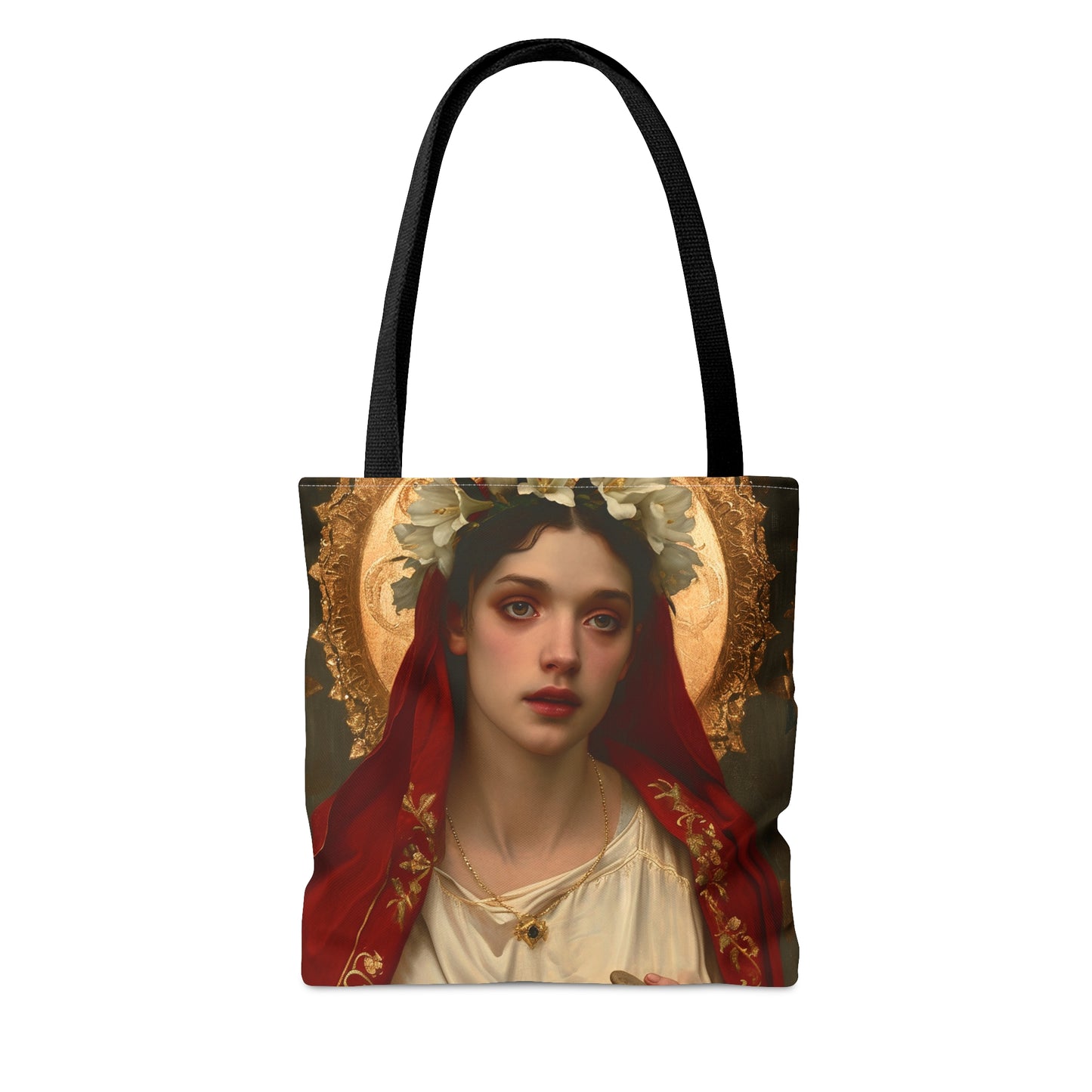 Saint Emerentiana Tote Bag - Large Medium Small Faith Art Bag - Carry all reusable Art purse - Double Sided - Religious Saint Art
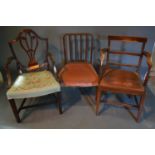 A Sheraton Style Mahogany Armchair, together with two other side chairs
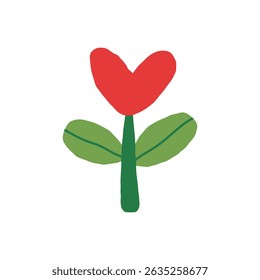 vetor plano ilustração de uma flor vermelha tulipa em forma de coração com base de folha verde, estilizado para arte de crianças sazonais e ícones florais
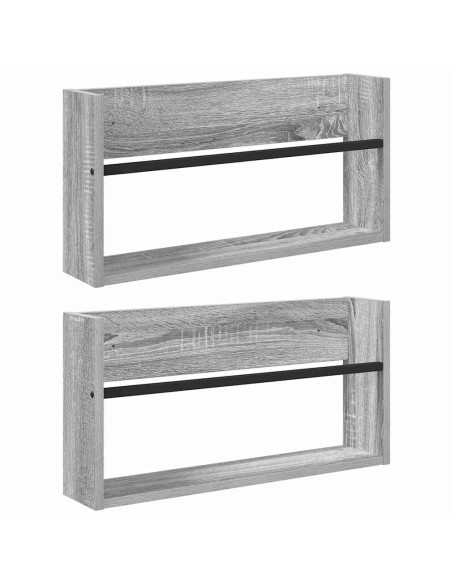 Scaffale per riviste 2 pcs Grigio Sonoma 60 x 12 x 30 cm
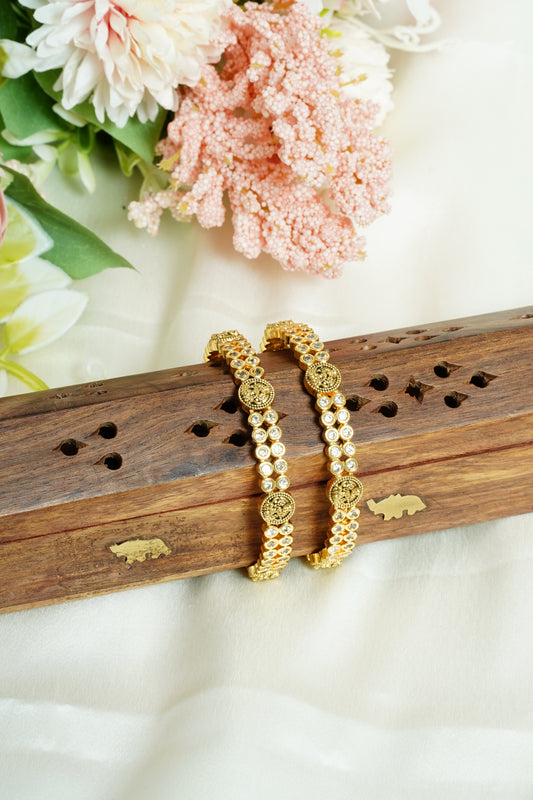 Two layer laskhmi stone bangle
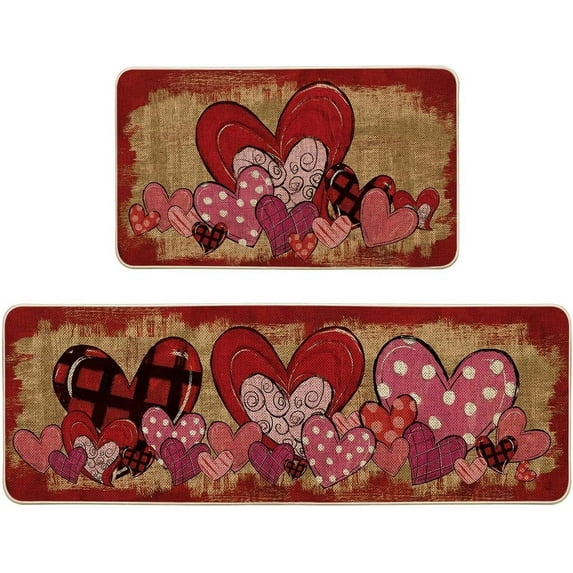 Love Heart Buffalo Plaid Valentine''s Day Kitchen Mats Set of 2, Home Decor Low-Profile Kitchen Rugs for Floor - 17x29 and 17x47 Inch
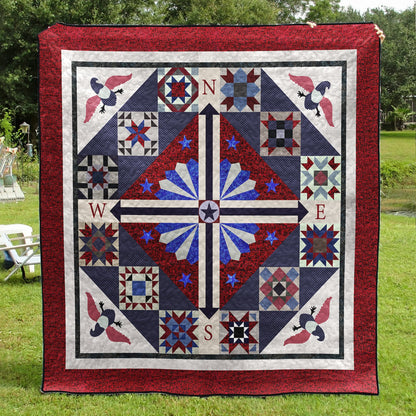 Patriotic Eagle Compass  Quilt Blanket TL100604Y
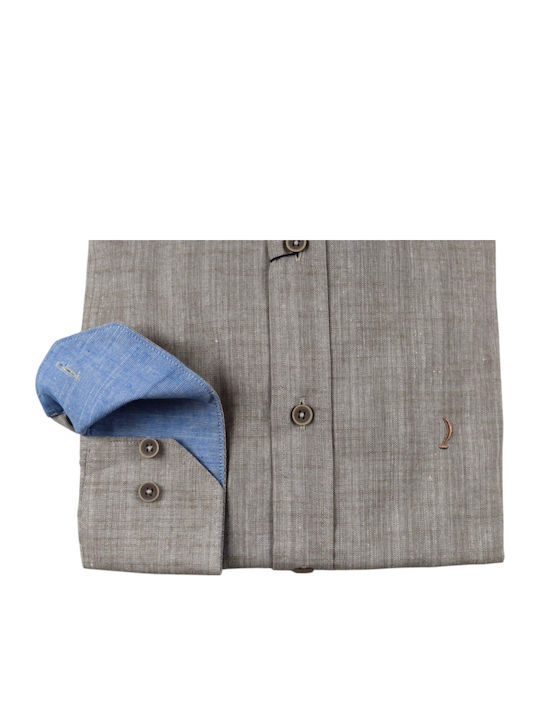 Long Sleeve Linen Shirt Beige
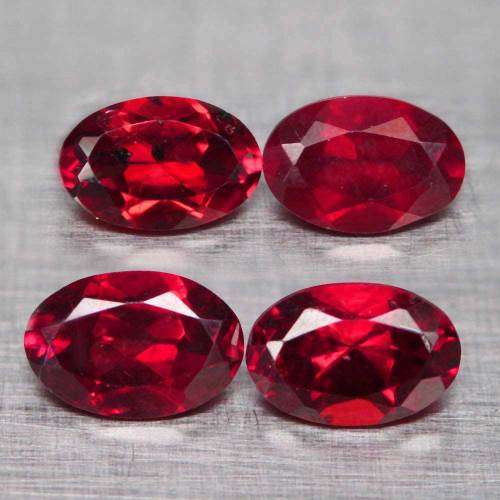1.22Ct. Rhodolite Oval Garnet  Raspberry Red Pair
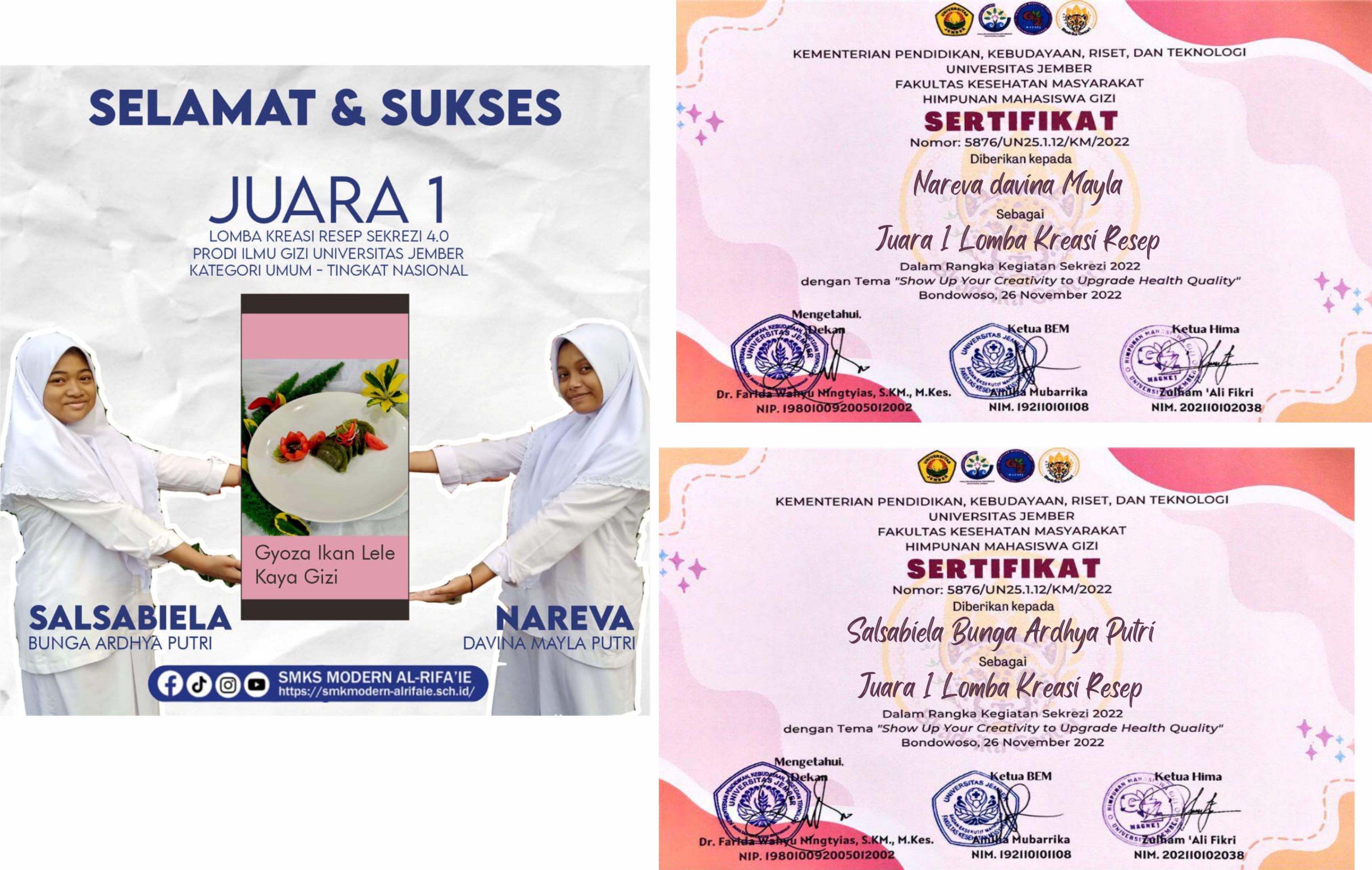 Juara 1 Lomba Kreasi Resep Sekrezi 4 Prodi Ilmu Gizi Universitas Jember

* _PROBLEM DETAILS_
Repeat nothing but the lines from the one containing "Patriotic Eagle Compass" through the end of the entries, exactly, and skip the pictures.

* _WRITTEN SOLUTION_
 Patriotic Eagle Compass  Quilt Blanket TL100604Y
 Long Sleeve Linen Shirt Beige
1.22Ct. Rhodolite Oval Garnet  Raspberry Red Pair
 Juara 1 Lomba Kreasi Resep Sekrezi 4 Prodi Ilmu Gizi Universitas Jember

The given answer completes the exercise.